Captioned web image data:
##############################

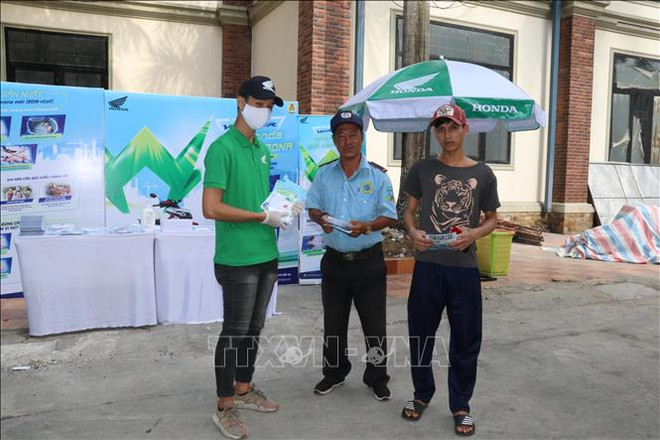Des travailleurs de Can Tho participe aux efforts de prévention de COVID-19 ảnh 1 Des travailleurs de Can Tho participe aux efforts de prévention de COVID-19 ảnh 1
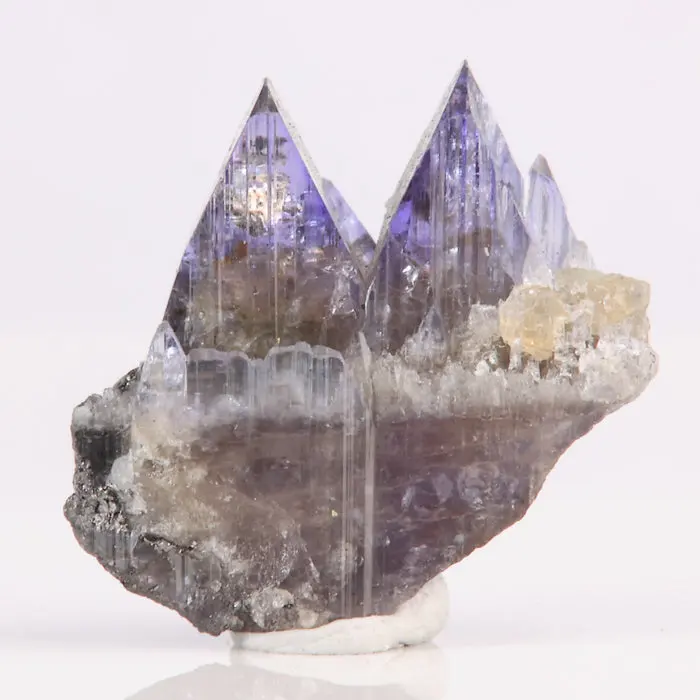 20.27ct Two Termination Natural Tanzanite Crystal 20.27ct Two Termination Natural Tanzanite Crystal. Natural tanzanite crystal from Merelani Hills, photo 1 of 4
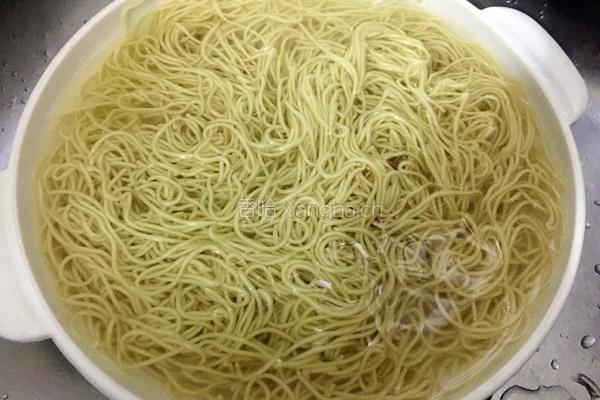 火腿沙茶酱拌面的做法图解5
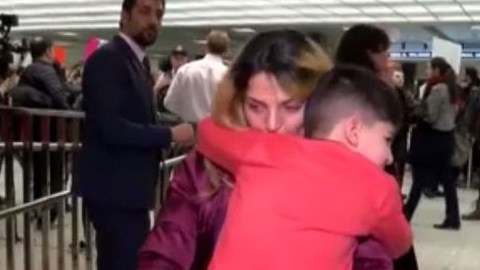 El menor se reunió con su madre luego de cinco horas retenido en el aeropuerto de Washington.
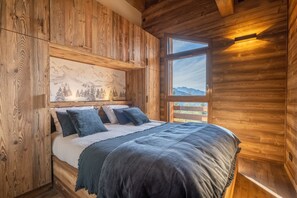5 bedrooms, iron/ironing board, bed sheets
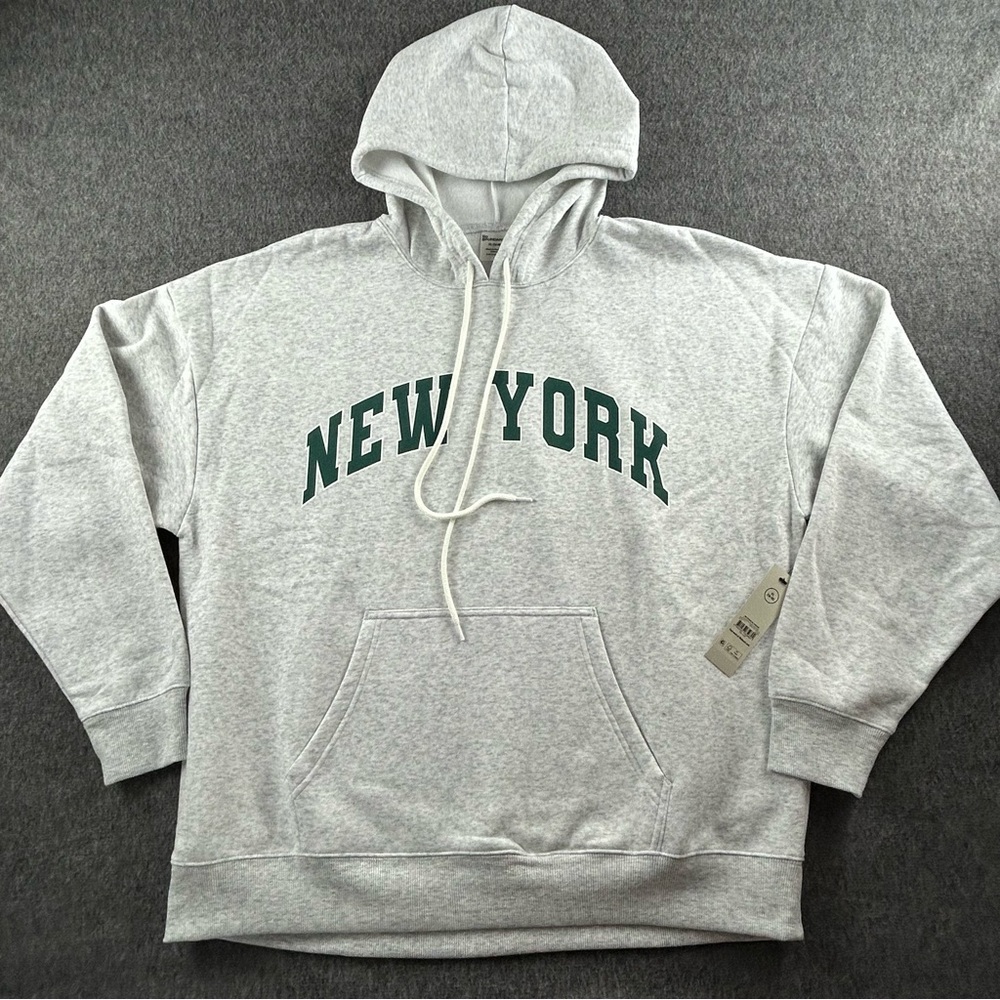 Heather Gray New York Hoodie NWT Women’s Size XL Soft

##############################

_Problem description_
The records above are to be set down exactly as written, with no images.

_Exercise result_
Des travailleurs de Can Tho participe aux efforts de prévention de COVID-19 ảnh 1 Des travailleurs de Can Tho participe aux efforts de prévention de COVID-19 ảnh 1
 20.27ct Two Termination Natural Tanzanite Crystal 20.27ct Two Termination Natural Tanzanite Crystal. Natural tanzanite crystal from Merelani Hills, photo 1 of 4
 火腿沙茶酱拌面的做法图解5
 El menor se reunió con su madre luego de cinco horas retenido en el aeropuerto de Washington.
5 bedrooms, iron/ironing board, bed sheets
 Heather Gray New York Hoodie NWT Women’s Size XL Soft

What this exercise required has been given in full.